Thursday, September 22nd
10:45am-12:15pm EDT


Topical Workshop


Basic Science


715 A

Comorbid Chronic Pain, Mood, and Metabolic Disorders Arising from Early Life Stress Exposure in Mice

Exposure to early life stress has a significant and long-lasting impact on health outcomes later in life, leading to increased morbidity and mortality. Adults who report high adverse childhood events scores are more likely to present with chronic pain, mood disorders, obesity, and/or metabolic syndrome. Outcomes due to early life stress are largely attributed to alterations within the hypothalamic-pituitary-adrenal (HPA) axis, which lead to changes in glucocorticoid production, responsivity, and signaling. The hippocampus is an important negative regulator of HPA axis function and is especially susceptible to early life stress exposure. Our laboratory has developed and characterized a mouse model of neonatal maternal separation (NMS) to study outcomes related to early life stress.

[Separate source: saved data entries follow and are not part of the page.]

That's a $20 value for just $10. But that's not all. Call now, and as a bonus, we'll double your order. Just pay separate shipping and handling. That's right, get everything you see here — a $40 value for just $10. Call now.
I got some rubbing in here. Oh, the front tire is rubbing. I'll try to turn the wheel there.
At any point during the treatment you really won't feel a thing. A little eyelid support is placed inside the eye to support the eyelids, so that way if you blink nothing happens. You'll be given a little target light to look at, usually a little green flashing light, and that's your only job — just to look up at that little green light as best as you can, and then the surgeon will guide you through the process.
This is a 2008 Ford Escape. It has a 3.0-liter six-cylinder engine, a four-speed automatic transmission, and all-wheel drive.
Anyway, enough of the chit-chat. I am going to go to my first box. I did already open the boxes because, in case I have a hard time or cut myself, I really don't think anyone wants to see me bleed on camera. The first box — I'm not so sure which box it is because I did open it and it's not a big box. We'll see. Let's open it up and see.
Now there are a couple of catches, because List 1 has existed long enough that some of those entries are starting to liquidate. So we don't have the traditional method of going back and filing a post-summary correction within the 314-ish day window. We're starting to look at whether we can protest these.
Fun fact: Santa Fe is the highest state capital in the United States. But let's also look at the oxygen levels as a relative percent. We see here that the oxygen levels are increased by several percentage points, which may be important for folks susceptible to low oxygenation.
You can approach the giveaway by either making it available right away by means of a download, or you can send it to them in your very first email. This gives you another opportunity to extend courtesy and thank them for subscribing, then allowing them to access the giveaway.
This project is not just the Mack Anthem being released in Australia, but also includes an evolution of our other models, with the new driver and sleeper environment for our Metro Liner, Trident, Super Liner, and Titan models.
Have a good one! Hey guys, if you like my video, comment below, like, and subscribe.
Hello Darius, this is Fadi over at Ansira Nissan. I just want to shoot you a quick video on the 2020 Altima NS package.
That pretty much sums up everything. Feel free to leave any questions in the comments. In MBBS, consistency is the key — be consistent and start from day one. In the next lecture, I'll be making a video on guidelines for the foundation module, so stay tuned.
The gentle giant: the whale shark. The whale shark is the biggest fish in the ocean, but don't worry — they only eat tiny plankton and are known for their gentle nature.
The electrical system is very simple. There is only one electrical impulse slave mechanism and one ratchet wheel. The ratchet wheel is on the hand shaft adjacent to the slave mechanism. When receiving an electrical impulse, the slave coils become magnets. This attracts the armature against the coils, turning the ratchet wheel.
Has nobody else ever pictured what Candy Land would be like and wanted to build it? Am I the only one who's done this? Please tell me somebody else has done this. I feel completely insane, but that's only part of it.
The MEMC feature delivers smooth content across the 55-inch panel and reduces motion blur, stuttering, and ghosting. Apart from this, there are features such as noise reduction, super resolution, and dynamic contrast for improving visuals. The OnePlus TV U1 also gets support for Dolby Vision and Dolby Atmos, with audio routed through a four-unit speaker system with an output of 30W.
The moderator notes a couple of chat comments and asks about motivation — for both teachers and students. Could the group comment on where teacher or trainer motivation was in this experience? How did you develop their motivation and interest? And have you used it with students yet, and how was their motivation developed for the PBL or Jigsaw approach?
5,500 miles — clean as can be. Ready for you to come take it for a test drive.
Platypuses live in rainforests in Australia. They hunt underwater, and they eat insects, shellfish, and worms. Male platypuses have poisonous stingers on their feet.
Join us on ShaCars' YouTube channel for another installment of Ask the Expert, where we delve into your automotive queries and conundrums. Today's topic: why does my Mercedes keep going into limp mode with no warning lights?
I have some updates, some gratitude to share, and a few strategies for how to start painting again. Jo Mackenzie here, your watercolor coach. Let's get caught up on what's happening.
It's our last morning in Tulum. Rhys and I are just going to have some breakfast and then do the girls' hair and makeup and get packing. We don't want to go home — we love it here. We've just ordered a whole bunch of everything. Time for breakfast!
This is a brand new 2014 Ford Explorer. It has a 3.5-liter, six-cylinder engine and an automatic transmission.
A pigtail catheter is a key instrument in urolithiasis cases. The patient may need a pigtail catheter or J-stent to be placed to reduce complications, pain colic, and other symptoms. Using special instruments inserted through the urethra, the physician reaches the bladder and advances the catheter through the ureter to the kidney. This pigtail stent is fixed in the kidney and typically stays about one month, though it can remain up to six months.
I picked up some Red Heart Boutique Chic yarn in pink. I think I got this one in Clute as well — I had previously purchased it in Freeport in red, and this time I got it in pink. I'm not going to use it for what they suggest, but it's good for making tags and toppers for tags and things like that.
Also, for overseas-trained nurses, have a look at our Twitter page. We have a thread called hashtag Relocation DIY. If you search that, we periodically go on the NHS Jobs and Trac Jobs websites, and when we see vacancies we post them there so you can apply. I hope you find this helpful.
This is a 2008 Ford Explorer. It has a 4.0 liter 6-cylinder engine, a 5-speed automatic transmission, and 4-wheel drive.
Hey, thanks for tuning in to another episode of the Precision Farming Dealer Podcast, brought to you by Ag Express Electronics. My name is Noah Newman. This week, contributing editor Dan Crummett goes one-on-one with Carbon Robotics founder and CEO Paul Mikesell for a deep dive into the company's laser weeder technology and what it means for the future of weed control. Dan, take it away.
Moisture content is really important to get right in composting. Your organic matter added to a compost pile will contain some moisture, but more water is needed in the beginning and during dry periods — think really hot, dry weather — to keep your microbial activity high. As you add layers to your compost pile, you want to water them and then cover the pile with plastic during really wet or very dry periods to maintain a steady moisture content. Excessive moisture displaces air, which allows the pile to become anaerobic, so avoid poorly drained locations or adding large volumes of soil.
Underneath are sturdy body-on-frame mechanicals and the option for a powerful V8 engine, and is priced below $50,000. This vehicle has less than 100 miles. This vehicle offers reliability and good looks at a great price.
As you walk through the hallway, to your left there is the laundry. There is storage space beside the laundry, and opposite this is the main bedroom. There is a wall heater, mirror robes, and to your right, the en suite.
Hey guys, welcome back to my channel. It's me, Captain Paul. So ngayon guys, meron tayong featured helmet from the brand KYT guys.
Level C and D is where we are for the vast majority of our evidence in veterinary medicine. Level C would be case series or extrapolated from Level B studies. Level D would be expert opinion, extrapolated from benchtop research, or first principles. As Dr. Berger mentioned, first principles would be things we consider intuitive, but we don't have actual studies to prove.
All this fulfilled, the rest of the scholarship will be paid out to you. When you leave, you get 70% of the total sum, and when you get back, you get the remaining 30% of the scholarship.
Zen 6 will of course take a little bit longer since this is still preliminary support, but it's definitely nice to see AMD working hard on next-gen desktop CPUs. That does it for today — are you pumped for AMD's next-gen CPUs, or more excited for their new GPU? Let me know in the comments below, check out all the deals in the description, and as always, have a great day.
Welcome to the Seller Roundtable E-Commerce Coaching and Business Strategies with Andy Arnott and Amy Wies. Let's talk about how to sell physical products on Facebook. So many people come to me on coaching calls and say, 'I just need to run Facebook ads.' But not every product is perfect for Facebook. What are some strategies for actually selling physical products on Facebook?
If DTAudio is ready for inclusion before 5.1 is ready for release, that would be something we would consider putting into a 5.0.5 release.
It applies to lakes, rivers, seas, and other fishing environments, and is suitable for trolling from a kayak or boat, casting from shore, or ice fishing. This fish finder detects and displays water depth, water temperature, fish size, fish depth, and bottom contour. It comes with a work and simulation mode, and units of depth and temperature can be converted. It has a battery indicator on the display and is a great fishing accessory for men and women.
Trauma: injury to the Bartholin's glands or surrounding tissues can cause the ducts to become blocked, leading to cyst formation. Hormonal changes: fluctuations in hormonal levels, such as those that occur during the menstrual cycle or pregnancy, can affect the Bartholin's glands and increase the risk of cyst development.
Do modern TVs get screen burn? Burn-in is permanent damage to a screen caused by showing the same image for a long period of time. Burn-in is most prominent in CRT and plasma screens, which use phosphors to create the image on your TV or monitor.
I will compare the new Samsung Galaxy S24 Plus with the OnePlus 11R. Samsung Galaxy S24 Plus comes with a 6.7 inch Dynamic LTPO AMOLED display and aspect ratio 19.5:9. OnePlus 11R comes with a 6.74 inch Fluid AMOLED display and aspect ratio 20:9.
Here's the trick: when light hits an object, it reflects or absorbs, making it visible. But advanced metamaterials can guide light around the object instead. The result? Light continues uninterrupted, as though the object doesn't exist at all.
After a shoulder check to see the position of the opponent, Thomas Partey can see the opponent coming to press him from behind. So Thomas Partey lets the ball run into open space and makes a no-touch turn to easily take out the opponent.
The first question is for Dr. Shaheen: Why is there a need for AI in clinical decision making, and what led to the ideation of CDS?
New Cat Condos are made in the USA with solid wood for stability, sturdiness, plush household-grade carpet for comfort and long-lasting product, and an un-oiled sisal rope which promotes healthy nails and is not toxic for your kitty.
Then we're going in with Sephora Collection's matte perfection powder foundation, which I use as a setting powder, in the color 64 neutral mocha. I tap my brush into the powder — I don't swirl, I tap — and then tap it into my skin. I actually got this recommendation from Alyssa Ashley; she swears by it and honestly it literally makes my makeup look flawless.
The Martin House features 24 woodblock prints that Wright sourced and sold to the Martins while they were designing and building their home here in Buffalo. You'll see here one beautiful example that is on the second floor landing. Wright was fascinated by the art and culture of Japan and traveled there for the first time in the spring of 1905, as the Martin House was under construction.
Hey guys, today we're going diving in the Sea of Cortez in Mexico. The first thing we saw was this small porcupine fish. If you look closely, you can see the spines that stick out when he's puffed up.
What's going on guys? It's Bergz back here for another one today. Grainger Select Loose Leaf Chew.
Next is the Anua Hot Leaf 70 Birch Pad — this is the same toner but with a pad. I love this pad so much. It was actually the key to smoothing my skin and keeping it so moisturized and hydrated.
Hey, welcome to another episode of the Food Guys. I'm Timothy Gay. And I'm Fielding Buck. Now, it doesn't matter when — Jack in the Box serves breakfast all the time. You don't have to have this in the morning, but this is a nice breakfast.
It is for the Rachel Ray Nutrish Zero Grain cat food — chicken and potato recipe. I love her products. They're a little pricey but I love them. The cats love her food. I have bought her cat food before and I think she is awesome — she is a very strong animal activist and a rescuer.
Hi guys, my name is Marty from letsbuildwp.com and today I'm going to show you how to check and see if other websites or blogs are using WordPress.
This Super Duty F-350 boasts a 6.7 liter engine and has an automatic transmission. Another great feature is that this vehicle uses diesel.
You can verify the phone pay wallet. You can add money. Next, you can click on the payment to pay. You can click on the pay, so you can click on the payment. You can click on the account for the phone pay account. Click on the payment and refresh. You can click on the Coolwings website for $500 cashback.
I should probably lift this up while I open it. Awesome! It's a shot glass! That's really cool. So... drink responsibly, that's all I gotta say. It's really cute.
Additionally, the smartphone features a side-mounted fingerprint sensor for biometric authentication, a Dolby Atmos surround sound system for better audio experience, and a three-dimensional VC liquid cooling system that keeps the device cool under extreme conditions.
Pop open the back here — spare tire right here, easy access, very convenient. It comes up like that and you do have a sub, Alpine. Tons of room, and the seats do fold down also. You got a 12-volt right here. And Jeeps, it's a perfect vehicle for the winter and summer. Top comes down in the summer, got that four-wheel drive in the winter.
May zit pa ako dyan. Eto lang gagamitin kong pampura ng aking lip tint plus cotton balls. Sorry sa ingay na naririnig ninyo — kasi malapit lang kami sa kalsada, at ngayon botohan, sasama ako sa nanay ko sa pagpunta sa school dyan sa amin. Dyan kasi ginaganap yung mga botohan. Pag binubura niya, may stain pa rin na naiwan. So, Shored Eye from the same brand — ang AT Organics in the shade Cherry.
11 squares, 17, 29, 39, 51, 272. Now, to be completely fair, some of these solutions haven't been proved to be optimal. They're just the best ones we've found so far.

Here, we will present data demonstrating that NMS mice display evidence of urogenital hypersensitivity, as well as migraine-like behaviors, altered anxiety- and depressive-like behaviors, and increased adiposity both on a chow and high fat/high sucrose diet. Results from magnetic resonance imaging/spectroscopy (MRI/MRS) studies, as well as immunohistochemical investigation, have revealed decreased gray matter volume and neurogenesis in the hippocampus of NMS mice. Together, these results suggest that NMS in mice may provide an important translational model for understanding the mechanisms that contribute to early life stress-induced outcomes.